Dress code halal bihalal
Smandelers di Pulau Dua yang diprakasai Ikatan Alumni Smandel nggak membuatku
bingung memilih baju. Army look aku nggak punya, warna putih nggak punya, warna
merah cuma ada 1, jadi yang itu aja yang aku pakai.
Dari balik panggung tempat
aku datang sudah kelihatan sekelompok manusia berpakaian warna merah atau
putih, dari tawa cekikiknya aku pastikan mereka adalah Smandelers. Mereka cekikikan
kayak kuda lumping. Eh, jangan marah! Kuda lumping kan manusia juga, emang kamu
mau dibilang cekikian kayak kuda beneran!.
Sederatan meja yang
disusun memanjang terisi mulai dari kiri ke kanan, aku salami satu per-satu, tak
lama mbak Tuti dan mbak Etty datang, mereka dari angkatan 1961 yang lulus tahun
1962, mereka sama-sama pernah nggak naik kelas. Dari seluruh angkatan mereka hanya 17
orang yang bisa naik kelas. Terlalu!.
Sesuai urutan aku
seharusnya duduk di samping Herin 87, tetapi tempat itu aku berikan kepada mbak
Etty dan mbak Tuti, bukannya aku takut Deni 87, suami Herin, cemburu, melainkan
karena aku lihat di atas meja itu piring yang berisi fillet ikan, ayam kremes,
udang goreng tepung dan cah kangkung sudah ludes dimakan duo Rudi dari angkatan
86. Terlalu!.
Joi dengan 3 rekannya dari
angkatan ‘95 membuat nuansa menjadi lebih segar, atau justru sebaliknya membuat
kami menjadi terlalu tua.
Pantas saja Smandelers
memilih lokasi di depan panggung, Roy ’86, Bakri ’80, Bowi ’87, dll bergantian
menyanyi. Seandainya saja pemilik restoran melarang mereka bernyanyi dengan
cara menyembunyikan mik sudah pasti menjadi pekerjaan sia-sia, soalnya mereka
sudah siap dengan membawa mik masing-masing dari rumah. Terlalu!.
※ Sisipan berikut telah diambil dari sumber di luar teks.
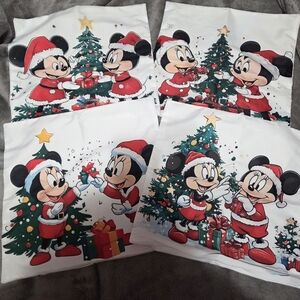 16" Disney Holiday Mickey and Minnie Throw Pillow Covers - Red, Green, White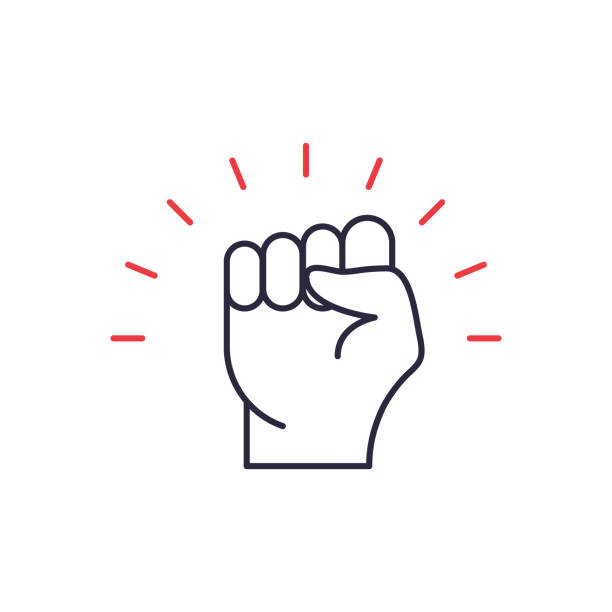 жизни чёрных важны. кулак рука вверх линия значок. кулак поднят. девушка державы. символ феминизма. концепция единства, революции, остановит - boycott stock illustrations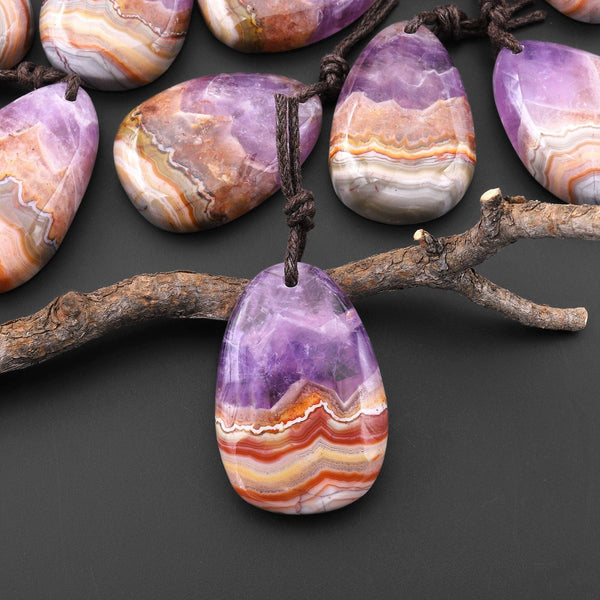 Natural Rainbow Amethyst Freeform Teardrop Pendant A6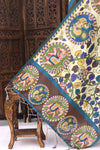 Ivory & Teal Malai Silk Dupatta with Circular Kalamkari Motifs, Floral Vine Print & Contrast Border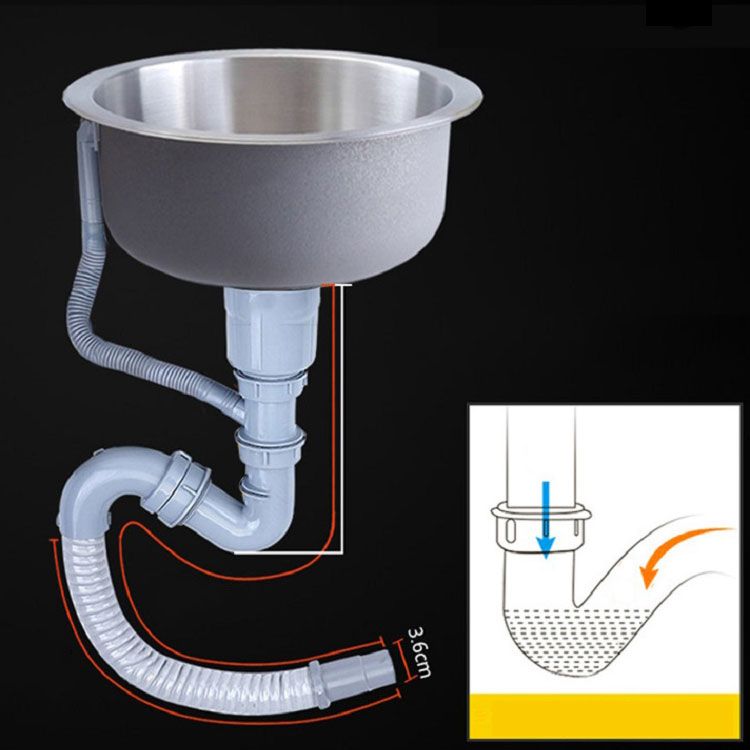 Avtoit | Round Stainless Steel Kitchen Sink with Drain Assembly Built-in Sink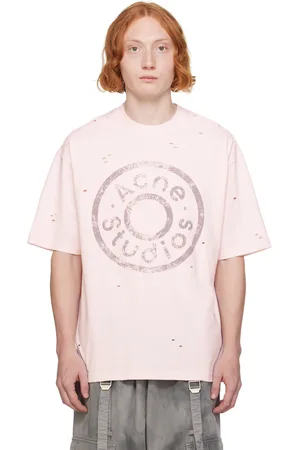 Acne Studios Pink Printed Logo T-Shirt
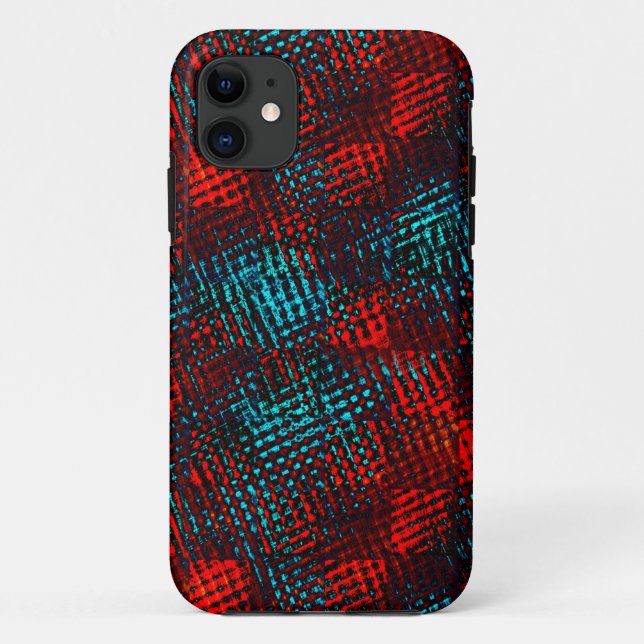 Funda De Case-Mate Para iPhone Quadriculados riscados em azul claro e vermelho. (Reverso)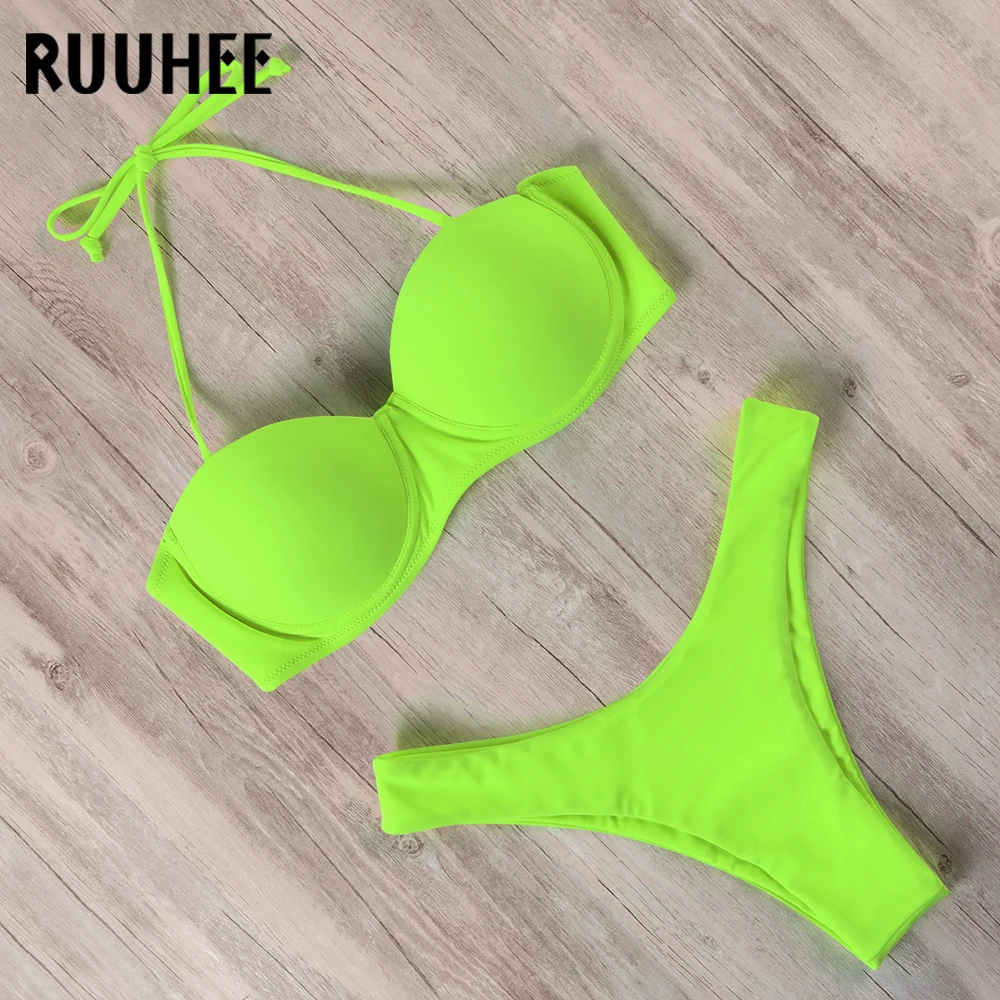 push up thong bikini set
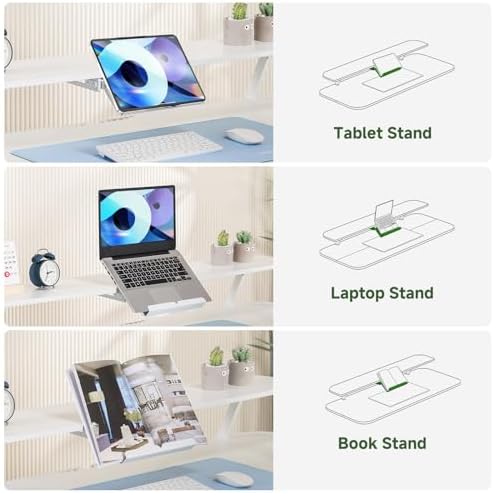 GTPLAYER Electric Standing Desk with Drawers, 48 x 24 Inches Height Adjustable Computer Desk with Monitor Stand, Laptop Stand, Sit Stand up Desk with Memory Preset for Home, Office, Ivory White - Image 6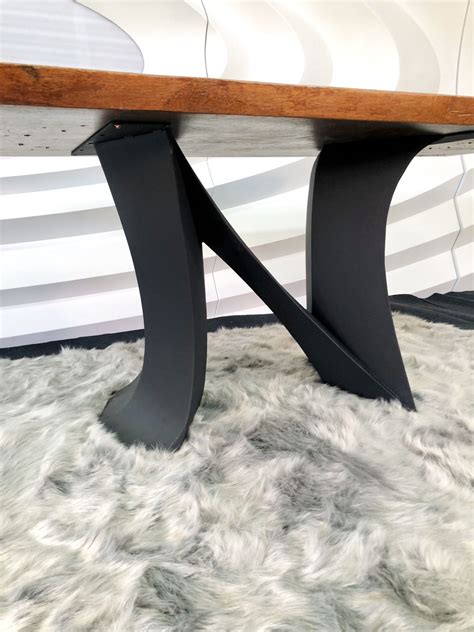 Customers' projects | steel table legs by symmetry. Metal Table Legs & furniture Base for Live Edge Top, River ...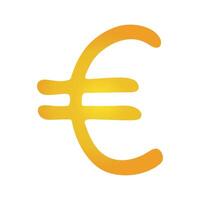 Hand drawn euro currency symbol. Brush stroke doodle. Single element for design vector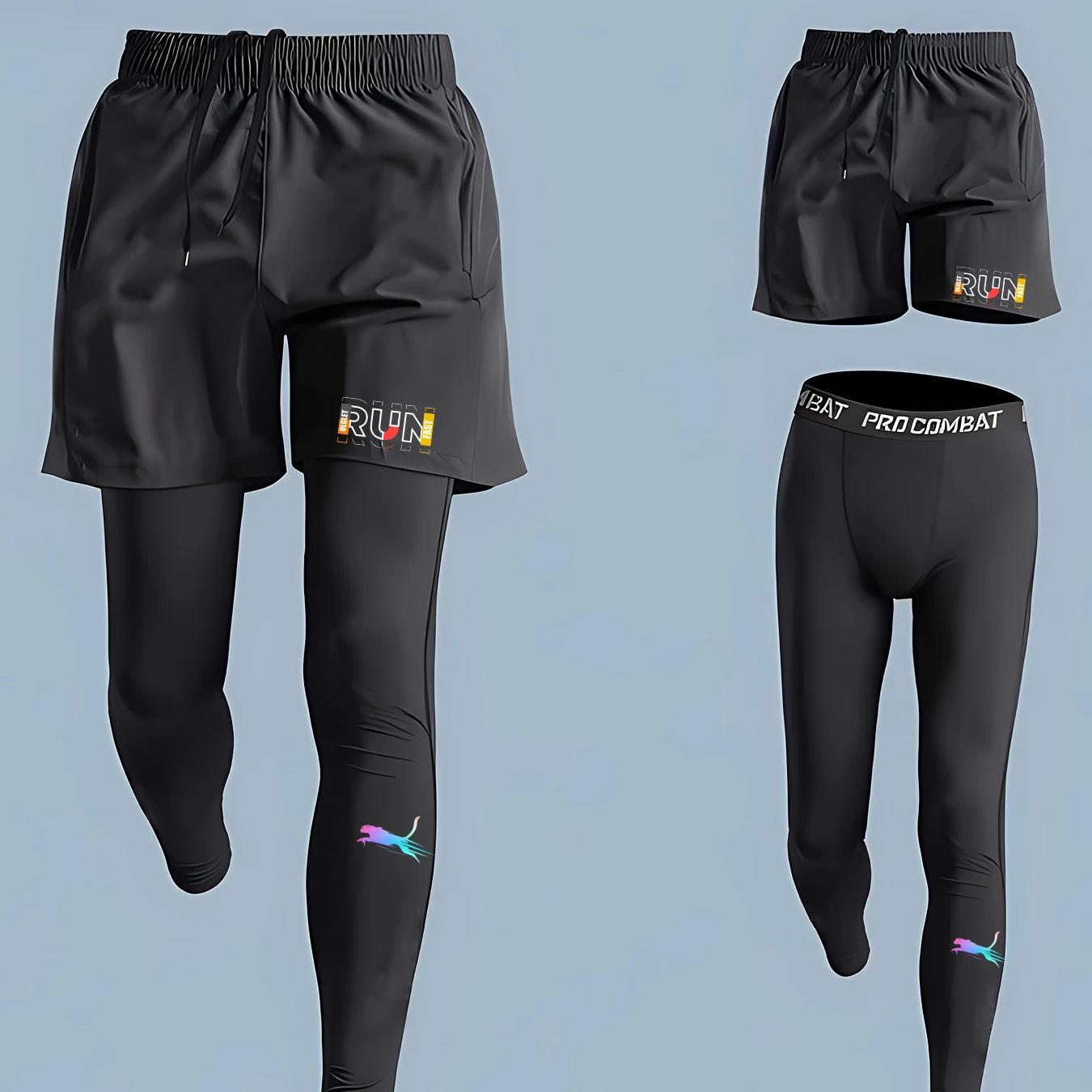 Ensemble de course à pied 2 pièces pour homme, short de sport à séchage rapide avec collants de comp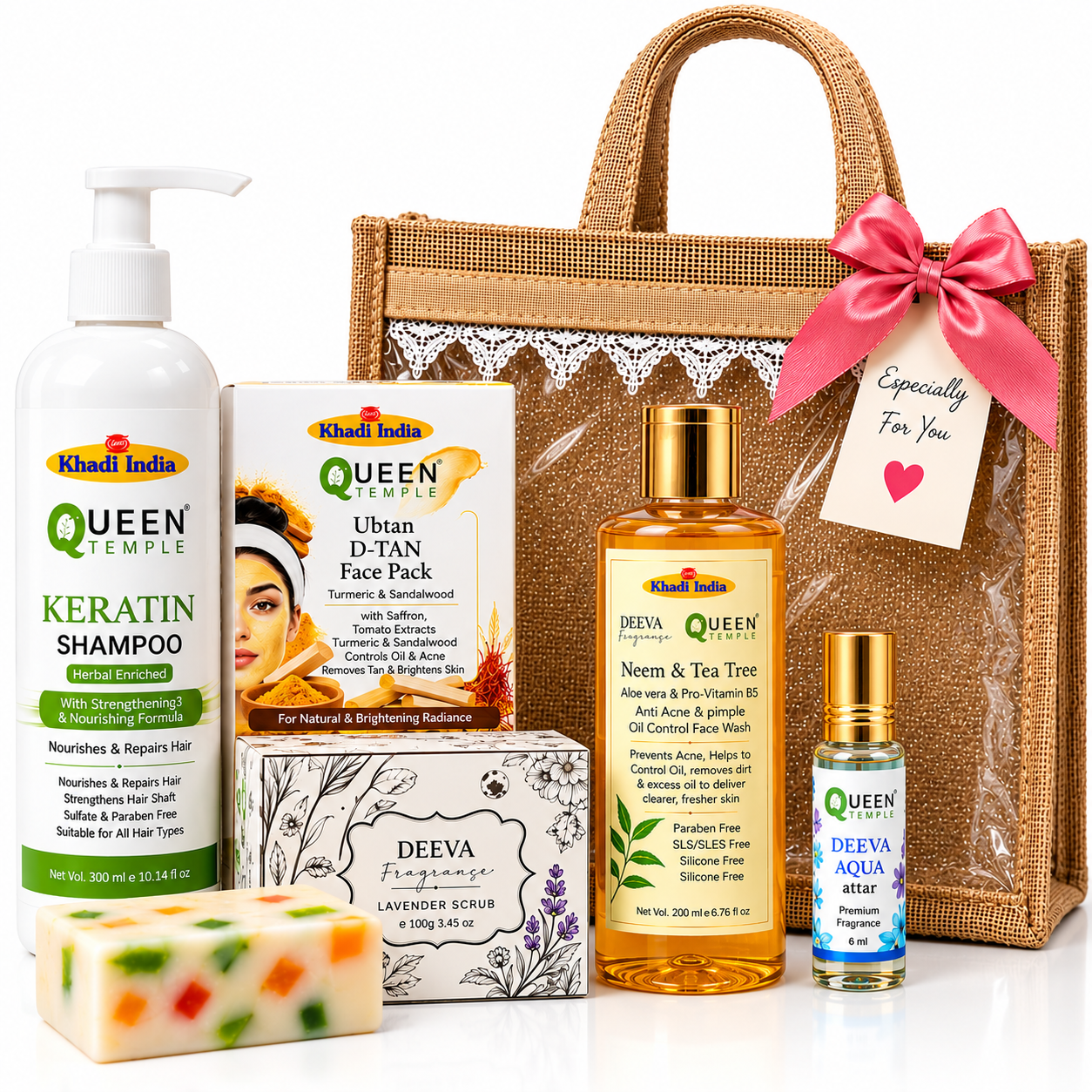 Queen Temple Premium Herbal Beauty & Self-Care Gift Hamper – 6-Piece Gift Set with Eco-Friendly Jute Bag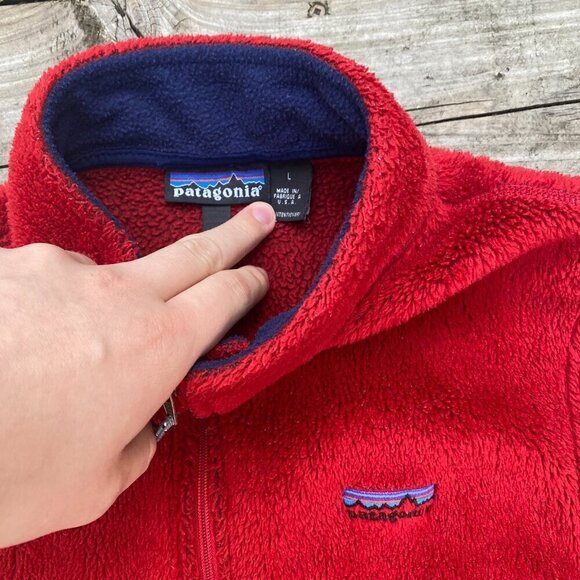 Vintage 2001 Patagonia Polartec Fleece Vest Large Made in USA Red - Picture 7 of 13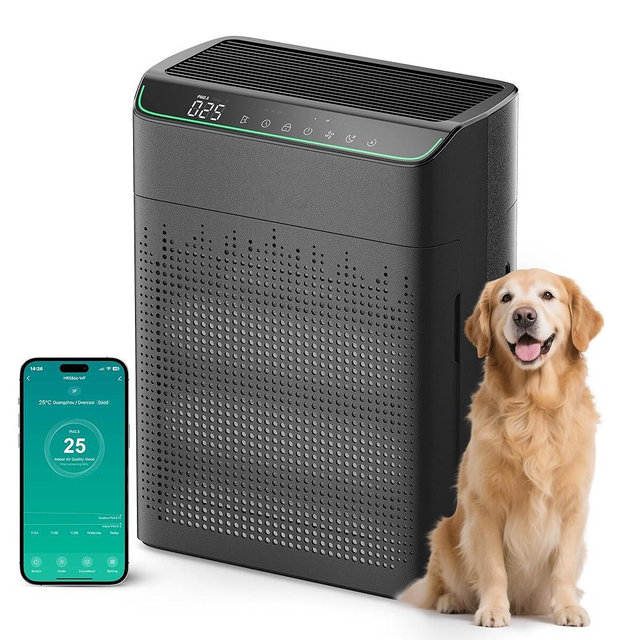 FLANUR Air Purifiers for Home Large Room Up to 1690 ft² Double-sided Air Inlet Smart WiFi Alexa Compatible PM 2.5 Air Quality Monitor for Smoke and Odor 23dB Quiet 1 Pack+2 Pack HEPA Filters Black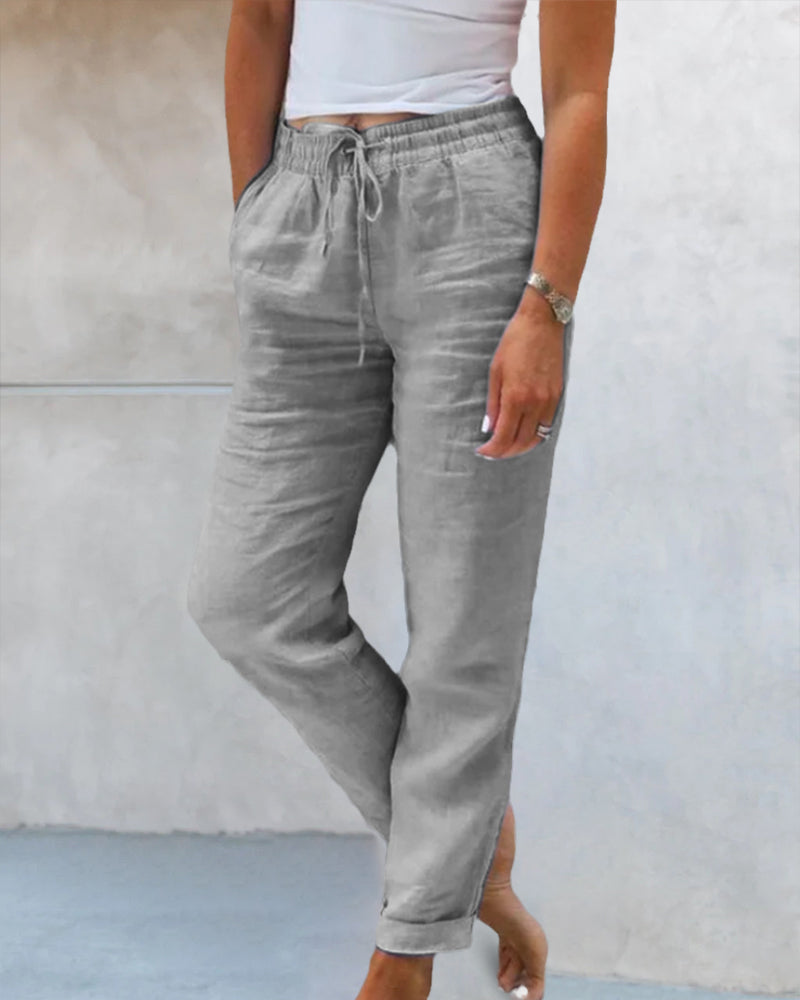 Vada | Plain-Colored Straight-Leg Pants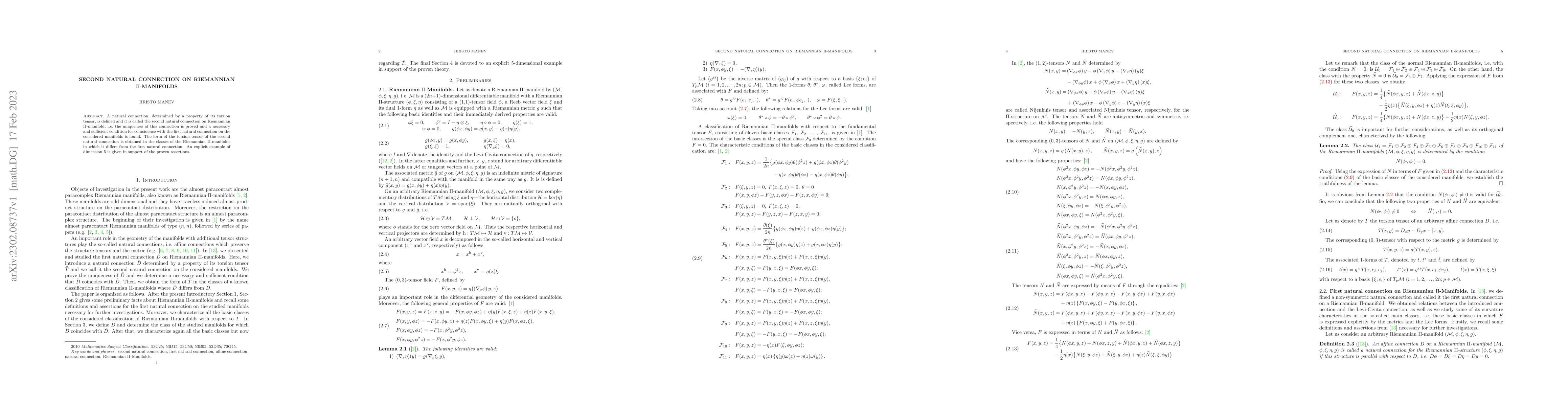 Thumbnail for Second natural connection on Riemannian $\Pi$-manifolds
DI HBH ini aku nggak perlu
berlari-lari untuk difoto. Percaya nggak aku malah diajak mereka berfoto dengan
sekelompok pria yang siap di depan kamera. Tumben!. Aku jadi curiga!.
“Eh, gue nggak mau
loh dikerjain!”.
“Nggak kok!. Cuma untuk
difoto”, Vivi ’90 meyakinanku, tetapi kalimatnya tidak berhenti sampai di situ,
“Inilah manusia kelas berat di Smandel!”. Terlalu!.
Nih, aku kasih tahu ya.
Nggak cuma perempuan yang nggak suka dibilang gemuk, laki-laki juga nggak suka
dibilang gemuk. Buatku perkataan tadi bisa menjadi cambuk untuk menjadi lebih
baik, juga perkatan dua perempuan berikut ini.
“Men, kok kamu kelihatannya
tambah gemuk!”, mbak Tuti bilang begitu.
“Iya, Men elo tambah gemuk!”,
Pipi ‘86 menambahi.
“Lihat aja 5 bulan lagi”,
aku seolah menantang mereka.
“Emang ada apa 5 bulan
lagi?”, kata mereka serempak.
“Gue tambah gemuk”.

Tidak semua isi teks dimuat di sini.